Imaginemos a Jesús tratando de
hacerse entender de aquella multitud de gente sencilla, analfabeta en su
mayoría, pero atraída por un lenguaje que le resultaba comprensible. Aquel día
les habla del reino -su proyecto- que se asemeja a un tesoro escondido, a una
perla preciosa de valor incalculable o a esa red rebosando de peces. El caso es
que a Jesús sí le entendían; a sus líderes, no. Pero aquel día parece que Jesús
quiere implicarles en su proyecto. Les dice que se comprometan, que se apunten
a la construcción de ese reino, que se decidan a buscarlo con la seguridad de
encontrarlo. El paso del tiempo nos descubrió que no fueron muchos los que le
hicieron caso: la primitiva iglesia comenzó con un reducido grupo y tardaron en
decidirse.
Una antigua leyenda nos ayudará a
comprender el mensaje de Jesús.

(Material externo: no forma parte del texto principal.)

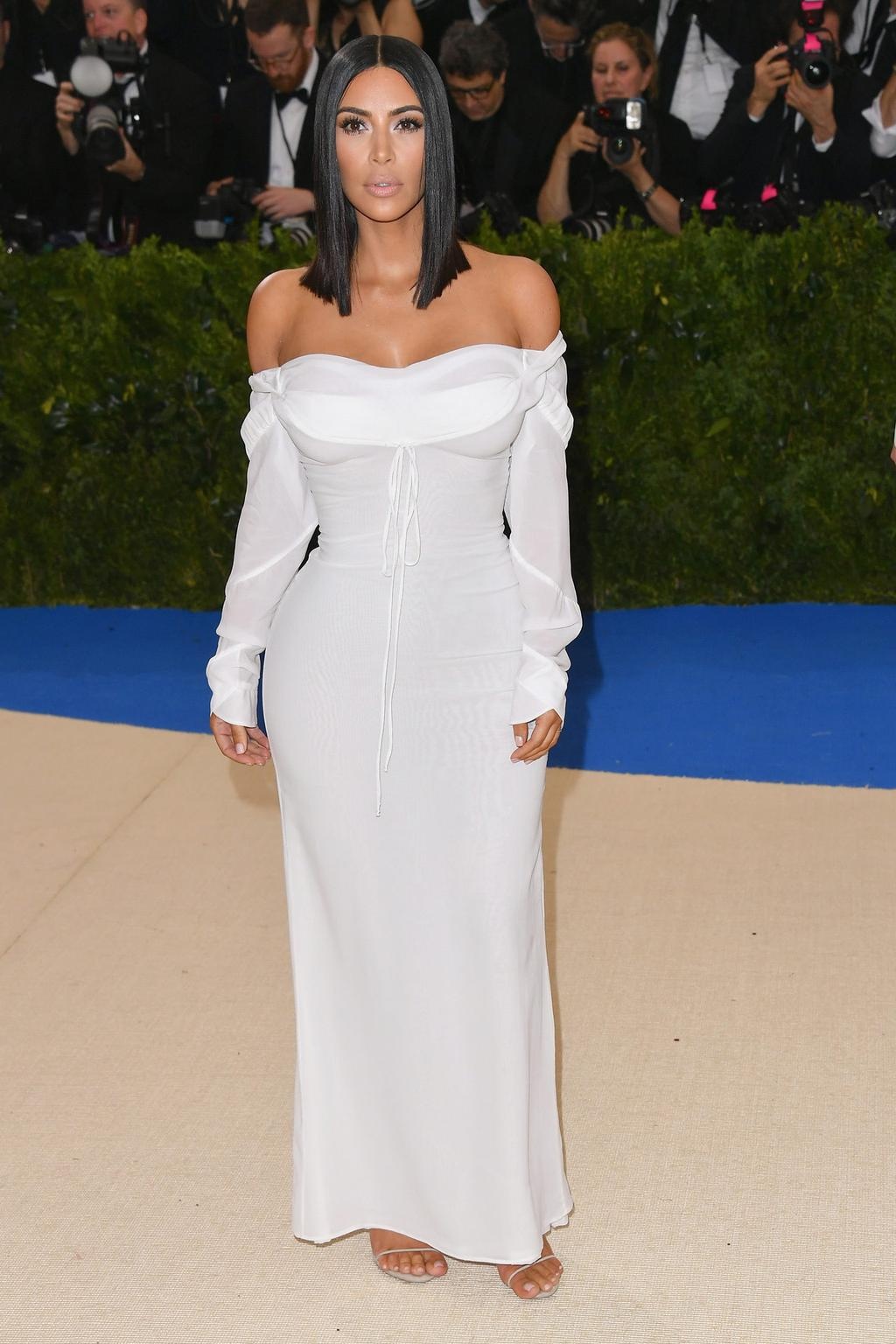 loạt sao nữ nằm ra xe để giữ váy không nhăn ảnh 2 loat sao nu nam ra xe de giu vay khong nhan anh 2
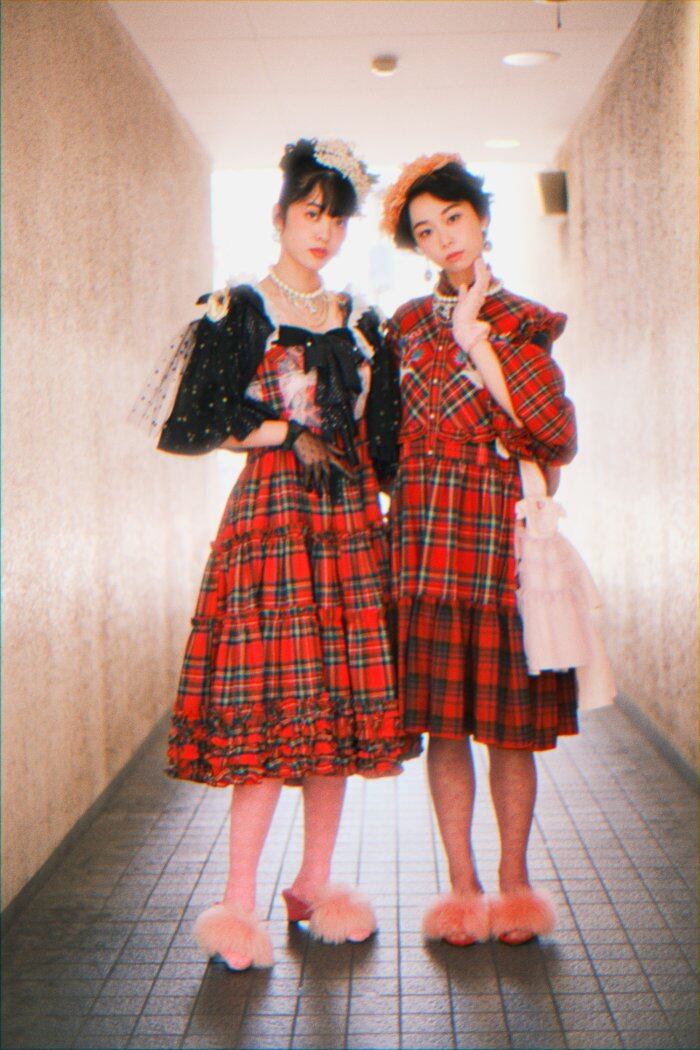 HEIHEI フリルスーツワンピース 赤チェック HEIHEI フリルスーツワンピース 赤チェック HEIHEI 赤とチェック柄の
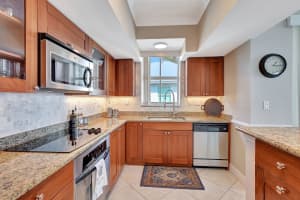 775 NW Flagler Avenue 401, Stuart, FL 34994 Sold 03/06/25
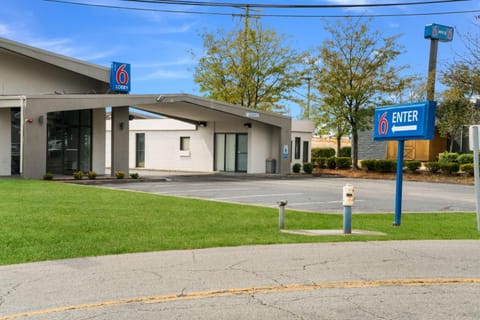 Motel 6-Lexington, KY - Airport Hotel in Lexington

Cuenta que un anciano padre, en el lecho de
muerte, les dejaba a sus hijos su testamento: “Os queda la viña de mi
propiedad, que aparentemente carece de valor, pero si buscáis en ella
encontraréis un gran tesoro, que os hará felices para el resto de vuestra
vida”. Muerto el padre, los hijos cavaron la viña, palmo a palmo para
dar con el tesoro; sin embargo, una vez excavada, advirtieron con gran
desaliento que el padre les había engañado, pues el tesoro no aparecía. Se
decidieron a cavarla de nuevo, pero esta vez más profundo; tampoco encontraron
el codiciado tesoro que les haría ricos. No obstante, en el tiempo de la
recolección de la uva advirtieron con gran asombro que la cosecha superaba las
mejores expectativas. Solo entonces fueron conscientes de que la cosecha se
debía al esfuerzo de su trabajo: aquella viña se había beneficiado de las
sucesivas excavaciones.
Esto mismo es lo que yo creo que
experimentó aquel grupo incipiente de la primitiva comunidad cristiana. Un buen
día, movidos por el Espíritu se decidieron a salir del Cenáculo y anunciar a
los cuatro vientos Buena Nueva; y la viña del reino comenzó a dar el fruto
esperado.
A esto es a lo que nos está
invitando el Señor: comprometernos en su proyecto, construir su reino. En los
Hechos de los apóstoles san Lucas nos describe a aquel primer grupo de
trabajadores del reino: una comunidad fraterna, que se reunían para la escucha
de la Palabra, la celebración de la eucaristía y luego compartían lo que
poseían con los que no tenían; y el reino se extendió prodigiosamente. Los
cristianos de hoy necesitamos volver a aquellos tiempos: contemplar la viña del
reino desde el camino o visitarla en el tiempo de la cosecha no la hará
florecer ni dar fruto; hay que meterse en ella arremangados y con la azada,
dispuestos a cavarla una y otra vez. En el tiempo de la cosecha seguro que
recogeremos abundantes frutos.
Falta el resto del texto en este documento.